Мы пошли, не останавливаясь, вдоль Деноновой галереи, сквозь строй гигантских саркофагов, подробно украшенных пляшущими богинями, разящими богами, резвящимися амурами, тритонами и нереидами («только не глядите по сторонам, Марина Ивановна!») – шли мимо гробоподобных витрин, тускло повторявшихся в узорном дворцовом паркете, по которому одинокие наши шаги кощунственно грохотали, как подковы, шли, пока весь этот музейный Аид не вынес нас – Исаакян и Цветаева – впереди, как Орфей и Эвридика, – к великолепному мраморному каскаду «Большой лестницы», ведшей к залам живописи.

Лестница эта, увенчанная мозаичным куполом, была чудесна сама по себе, но главным ее чудом было то, что вся она, во всей стройности и строгости своего подъема, во всем праздничном, ярком чередовании света и тени на полированных плоскостях ее ступеней служила лишь пьедесталом стоявшей на верхней площадке фигуры.

То была статуя Самофракийской победы – к ней-то и подвел Исаакян Цветаеву – и остановил, положив ей на плечо ладонь, ибо Победа эта была столь огромна, что легко было, осознав лишь ее подножие – из каменных блоков слаженный нос корабля-триремы, – обогнуть его, так и не взглянув вверх.

Обезглавленная и безрукая, грубо изувеченная христианским варварством, оббитая и выщербленная прошедшими по ней тысячелетиями, ликующая богиня остановилась на бегу, чтобы протрубить победу, и триста лет до нашей эры отбушевавший ветер облепил ее юное, торжествующее тело складками одежды, влажной и отяжелевшей от брызг прибоя, затрепетал в ее широко и сильно раскинутых крыльях, ероша их мраморные перья.

Все в ней было движение, упругость, устремленность; все было живо; все было цело, цельно и неодолимо в этой фигуре, поднявшей и согнувшей в локте невидимую руку, чтобы, приложив к невидимым устам незримую трубу, возвестить на века вечные торжество человеческого духа, мужества, гения.

– Ну как, Марина Ивановна? – спросил Исаакян.

– Я давно ее знаю и люблю, – ответила она, поглаживая шершавую, в мелких оспинках, желтоватую от времени поверхность каменной ткани. – И все же, «в начале было Слово», – добавила она, помолчав.

Были еще встречи с Исаакяном; он приезжал к нам в Медон под Парижем; бывал и у Лебедевых, где раза два встретился с трогательным, больным Бальмонтом и побратски расцеловался с ним и внимательно и всерьез слушал его, терявшие связность, разбредавшиеся речи.
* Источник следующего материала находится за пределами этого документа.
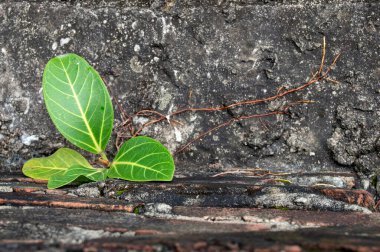 Banyan ağacı, binanın zemin ve beton duvarı arasındaki sınırlardan büyüyor..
Были еще встречи-воспоминания и встречи-споры. Но мне было бы трудно, пожалуй, невозможно рассказать о них не только теперь, когда нет в живых никого из них – ни Цветаевой, ни Исаакяна, ни Бальмонта, ни Лебедевых, когда и улочка Данфер-Рошро переменила название и облик, но и в те времена, когда все были живы и все было по-прежнему, – потому что в памяти все перекрылось тем ослепительным видением: двух поэтов, двух горцев поэзии – осененных бессмертными крылами Ники Самофракийской.